# Your assignment:
Output only the lines below from the one holding "Camicia Kingsize Floreale" down to the one holding "KONG Tugger Knots", both end lines included and every picture dropped.

# Dataset records:
* * * * * * * * *

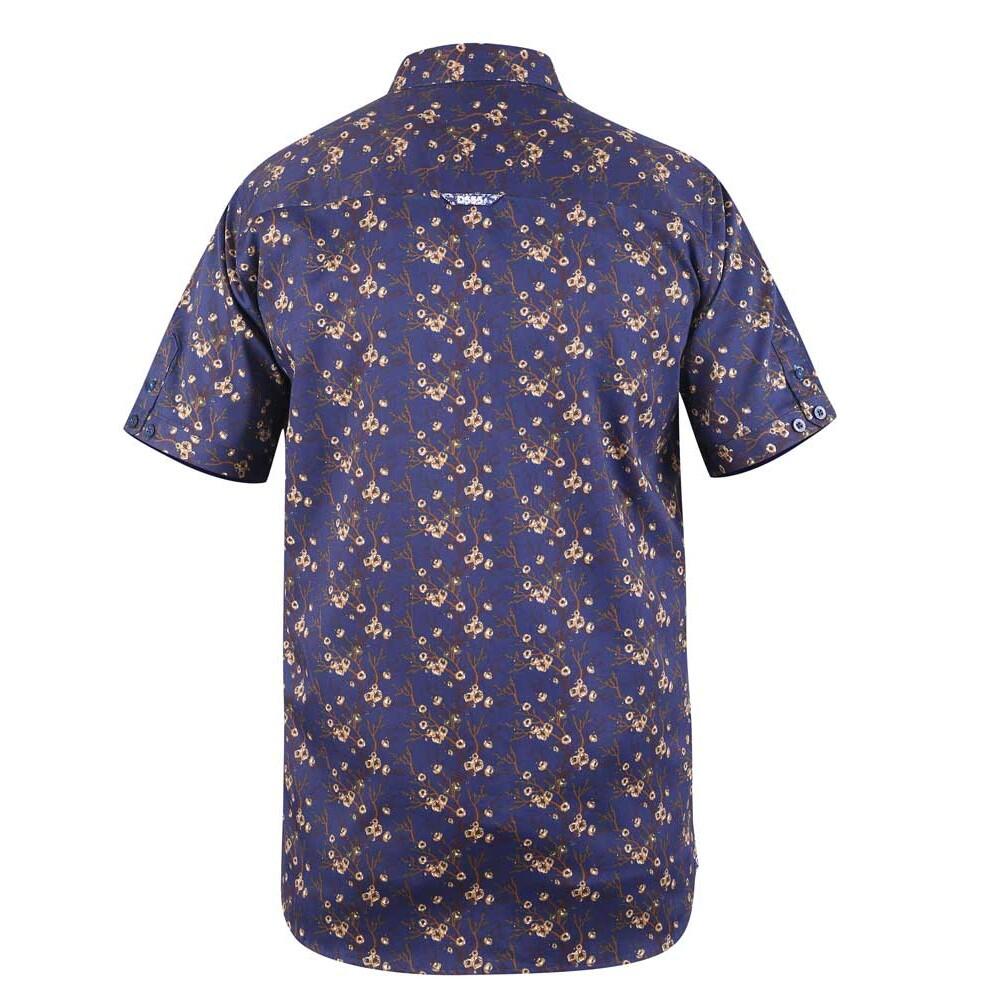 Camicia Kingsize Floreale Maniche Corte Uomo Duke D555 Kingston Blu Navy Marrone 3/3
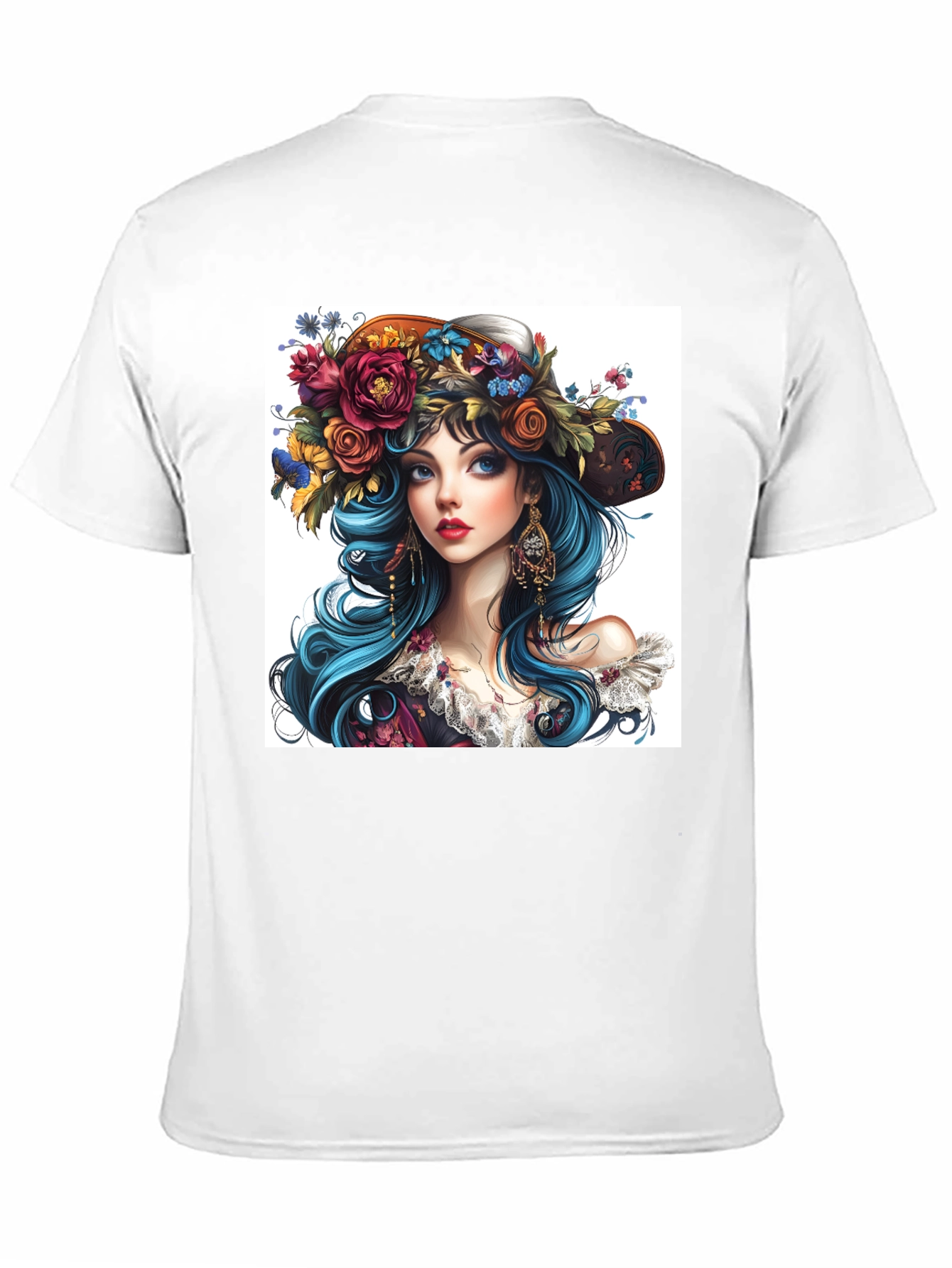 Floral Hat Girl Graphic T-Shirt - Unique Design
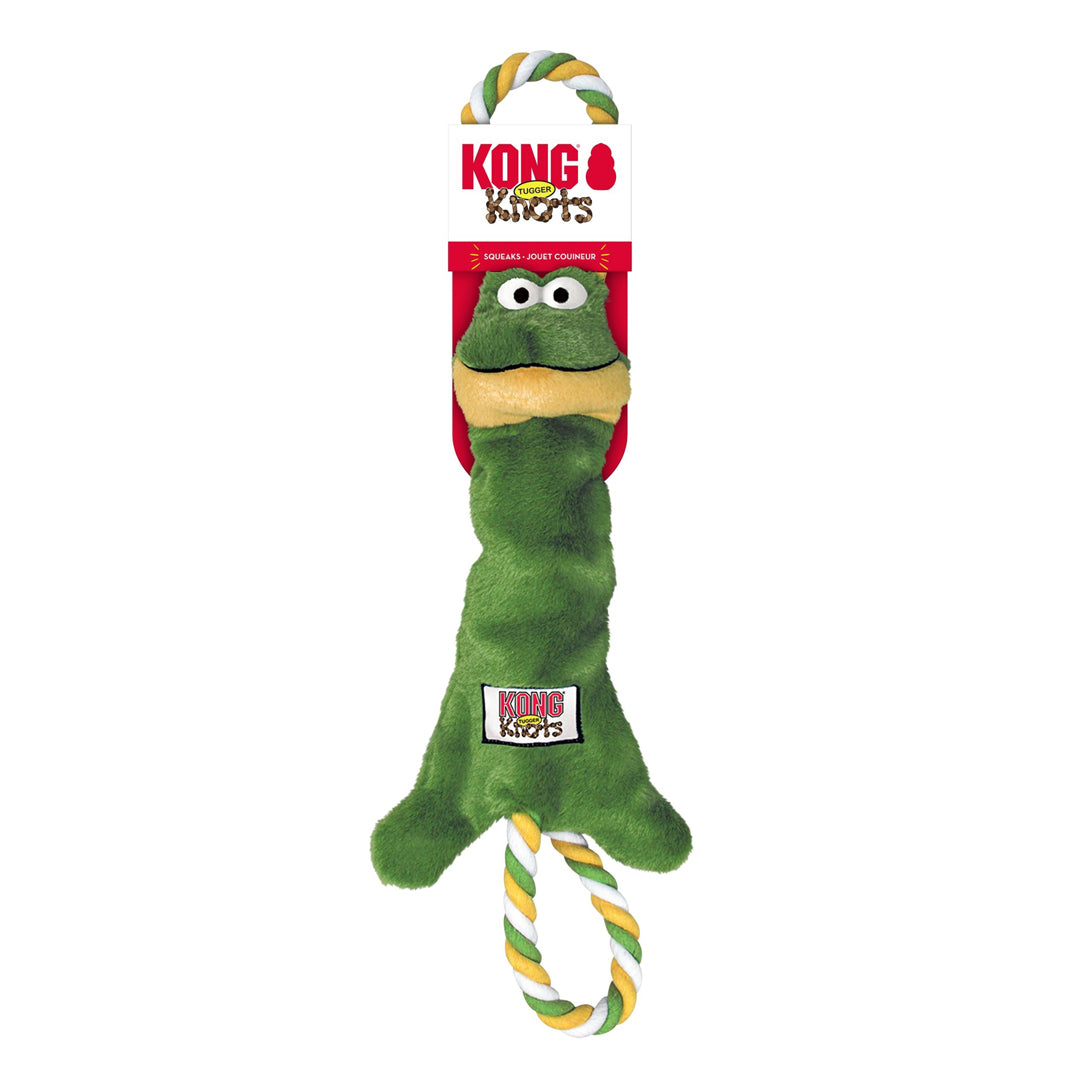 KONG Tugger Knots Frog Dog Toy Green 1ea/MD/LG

* * * * * * * * *

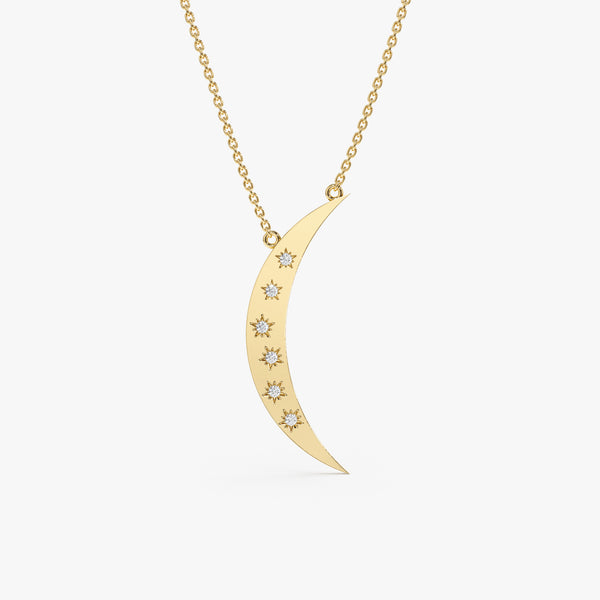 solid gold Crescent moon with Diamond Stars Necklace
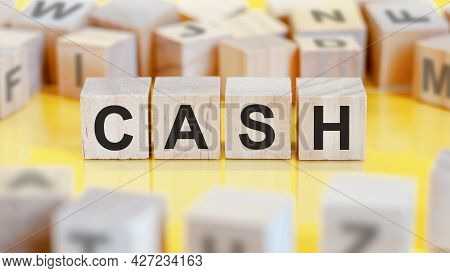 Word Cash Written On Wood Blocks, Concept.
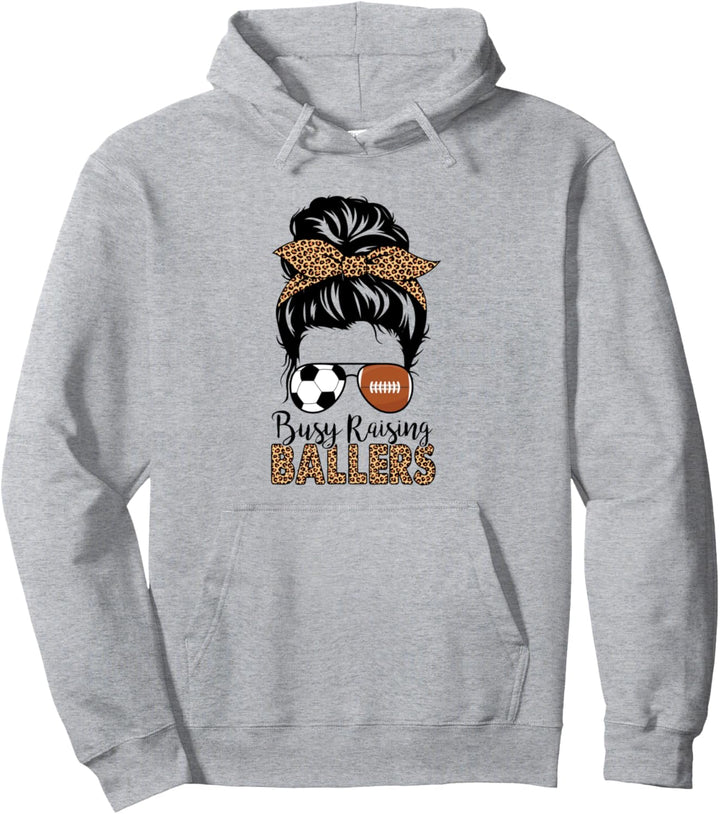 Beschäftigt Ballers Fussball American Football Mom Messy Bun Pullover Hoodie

* * * * * * * * *

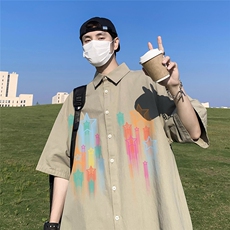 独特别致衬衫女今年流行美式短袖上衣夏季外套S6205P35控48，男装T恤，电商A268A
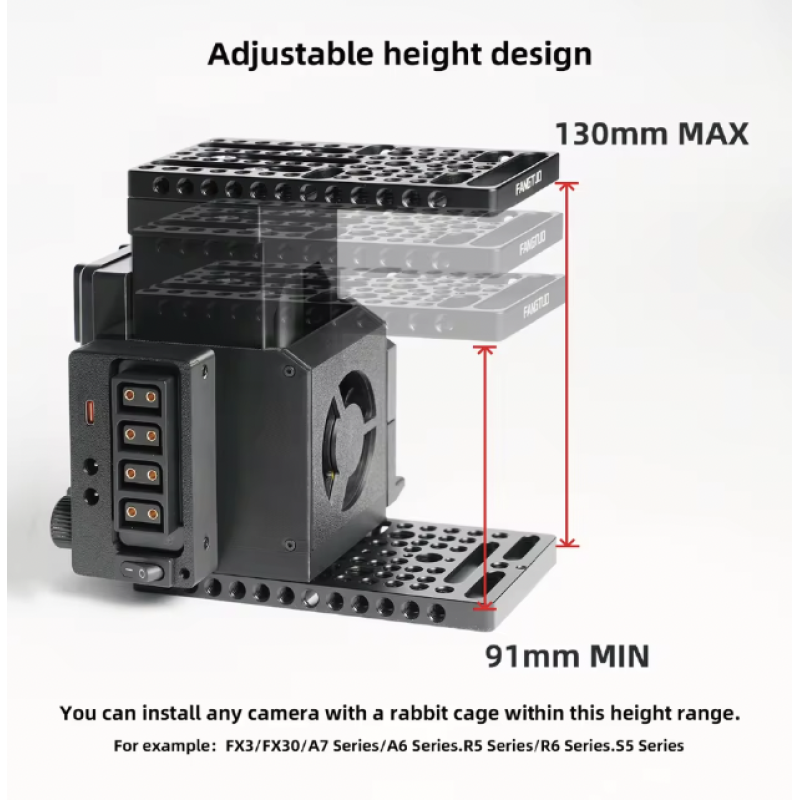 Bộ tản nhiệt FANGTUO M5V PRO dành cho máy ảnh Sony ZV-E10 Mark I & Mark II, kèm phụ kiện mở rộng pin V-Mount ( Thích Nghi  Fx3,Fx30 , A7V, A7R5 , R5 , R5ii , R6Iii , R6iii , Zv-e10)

* * * * * * * * *

# Result for this task:
 Camicia Kingsize Floreale Maniche Corte Uomo Duke D555 Kingston Blu Navy Marrone 3/3
 Floral Hat Girl Graphic T-Shirt - Unique Design
 KONG Tugger Knots Frog Dog Toy Green 1ea/MD/LG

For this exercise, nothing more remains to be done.